Çocukların yanında sürekli yemediğinden yakınmak onları fazla yemek yemeye zorlamak, acıkmadan zorla yedirmek, burnunu sıkarak ağzına tıkmak, ağlatarak beslemek yemekten nefret etmesine neden oluyor. Çocuk bir süre sonra en sevdiği besinleri bile reddeder hale gelebiliyor. Çocuğun çok kilo alması, sağlıklı olduğu anlamına gelmiyor. Önemli olan dengeli beslenebilmek.
Su ve İnek Sütü
18 ayın sonuna kadar kaynatılmış su vermek gerekiyor. İlk 12 ayda baldan uzak durmak şart. İnek sütü ise, özellikle ilk altı ay; anne sütü, hazır mama gibi seçenekler varsa kullanılmamalı. İnek sütüne erken başlanması bazı bebeklerde bağırsakta kanama, kronik ishal ve kansızlık yapabiliyor. Ailenin maddi durumu formül mama alamayacak düzeyde ise ve anne sütü çok yetersizse inek sütü 1-4 ay arası iki hacim süte bir hacim su eklenerek ve dördüncü aydan sonra sulandırılmadan kullanılabilir. İnek sütünün yoğurt veya muhallebi olarak verilmesi daha uygun. Çocuk ek gıda olarak inek sütü alıyorsa miktar günde 500 cc.’yi (2 su bardağını) geçmemeli. Bu öneri okul çağı çocukları için de geçerli.

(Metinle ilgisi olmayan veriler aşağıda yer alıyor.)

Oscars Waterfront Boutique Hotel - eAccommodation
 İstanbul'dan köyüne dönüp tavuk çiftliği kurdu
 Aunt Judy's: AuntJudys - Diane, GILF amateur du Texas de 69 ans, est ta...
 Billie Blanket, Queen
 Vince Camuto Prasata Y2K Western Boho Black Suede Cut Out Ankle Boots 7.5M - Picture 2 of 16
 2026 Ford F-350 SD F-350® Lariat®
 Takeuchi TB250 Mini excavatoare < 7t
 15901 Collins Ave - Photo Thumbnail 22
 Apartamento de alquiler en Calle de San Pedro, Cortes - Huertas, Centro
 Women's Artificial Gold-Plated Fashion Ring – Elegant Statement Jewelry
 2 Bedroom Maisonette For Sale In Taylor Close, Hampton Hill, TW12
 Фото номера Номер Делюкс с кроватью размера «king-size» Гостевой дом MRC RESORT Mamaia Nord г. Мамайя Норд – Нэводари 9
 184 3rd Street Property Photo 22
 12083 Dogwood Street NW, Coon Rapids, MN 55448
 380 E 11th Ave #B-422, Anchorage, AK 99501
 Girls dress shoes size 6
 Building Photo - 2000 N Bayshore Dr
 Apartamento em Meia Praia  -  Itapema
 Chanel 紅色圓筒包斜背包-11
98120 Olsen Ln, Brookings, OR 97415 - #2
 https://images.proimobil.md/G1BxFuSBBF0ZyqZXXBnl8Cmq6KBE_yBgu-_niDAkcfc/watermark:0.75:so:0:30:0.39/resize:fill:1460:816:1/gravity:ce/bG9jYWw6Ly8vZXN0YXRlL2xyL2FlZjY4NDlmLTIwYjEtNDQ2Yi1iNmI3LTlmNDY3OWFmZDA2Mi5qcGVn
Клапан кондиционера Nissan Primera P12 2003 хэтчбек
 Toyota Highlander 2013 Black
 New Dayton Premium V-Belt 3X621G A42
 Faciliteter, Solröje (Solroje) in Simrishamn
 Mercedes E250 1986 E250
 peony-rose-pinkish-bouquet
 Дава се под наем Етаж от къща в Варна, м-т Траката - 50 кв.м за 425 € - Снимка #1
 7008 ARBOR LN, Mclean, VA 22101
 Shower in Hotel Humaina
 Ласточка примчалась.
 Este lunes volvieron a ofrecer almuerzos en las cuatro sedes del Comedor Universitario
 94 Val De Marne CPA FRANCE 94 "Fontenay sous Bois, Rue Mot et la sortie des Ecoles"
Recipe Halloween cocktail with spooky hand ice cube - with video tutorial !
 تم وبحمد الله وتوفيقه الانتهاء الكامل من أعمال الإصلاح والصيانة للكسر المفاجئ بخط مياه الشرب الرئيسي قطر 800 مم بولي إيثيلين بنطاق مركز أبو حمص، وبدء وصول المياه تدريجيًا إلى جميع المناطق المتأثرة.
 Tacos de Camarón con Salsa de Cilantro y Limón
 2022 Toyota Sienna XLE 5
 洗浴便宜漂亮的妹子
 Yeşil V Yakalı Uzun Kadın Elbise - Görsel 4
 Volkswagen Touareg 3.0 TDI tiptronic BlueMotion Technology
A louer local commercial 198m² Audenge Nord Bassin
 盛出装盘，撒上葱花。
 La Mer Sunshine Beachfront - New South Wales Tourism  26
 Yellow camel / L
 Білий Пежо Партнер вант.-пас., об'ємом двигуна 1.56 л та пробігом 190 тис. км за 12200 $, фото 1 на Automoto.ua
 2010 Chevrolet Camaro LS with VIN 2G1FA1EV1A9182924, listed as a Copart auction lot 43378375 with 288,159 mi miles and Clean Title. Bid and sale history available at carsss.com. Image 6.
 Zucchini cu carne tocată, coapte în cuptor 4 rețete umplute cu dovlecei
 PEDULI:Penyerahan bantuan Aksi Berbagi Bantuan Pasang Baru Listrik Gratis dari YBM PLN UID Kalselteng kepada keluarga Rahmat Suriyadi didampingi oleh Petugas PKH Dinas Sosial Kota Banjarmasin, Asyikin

Ek Gıdalara Başlarken Dikkat Edilmesi Gerekenler
• Ek besinlere, fincan veya kaşıkla başlayın, miktarı zamanla arttırın.
• Yeni besinleri bebek açken, öğle öğününde deneyin. Yeni besinlerin hepsine aynı haftada başlamayın.
• Yiyeceklerin alerji yapıp yapmadığına dikkat edin. Alerji durumunda; şüphelendiğiniz bir gıda varsa bir süre bu gıdayı vermeyip, belirtilerin geçip geçmediğini kontrol etmelisiniz.
• Bebeğe hiçbir zaman, reçele veya şekere batırılmış emzik vermeyin. Tüm yiyeceklerin temiz, taze ve iyi pişmiş olmasına özelikle dikkat edin.
• Unutmayın, bebeklerin tat alma duyuları oldukça gelişmiştir. Bu nedenle hazırlanan gıdaları önce tadın.
• Bir yaşına kadar tuz kullanmayın.
• Besleyici değerini yükseltmek amacıyla birbiriyle uyumsuz besinleri bir arada vermeyin. Özellikle kahvaltıda yumurta, reçel, peyniri ezerek karıştırıp vermek yerine tek tek vermeye çalışın.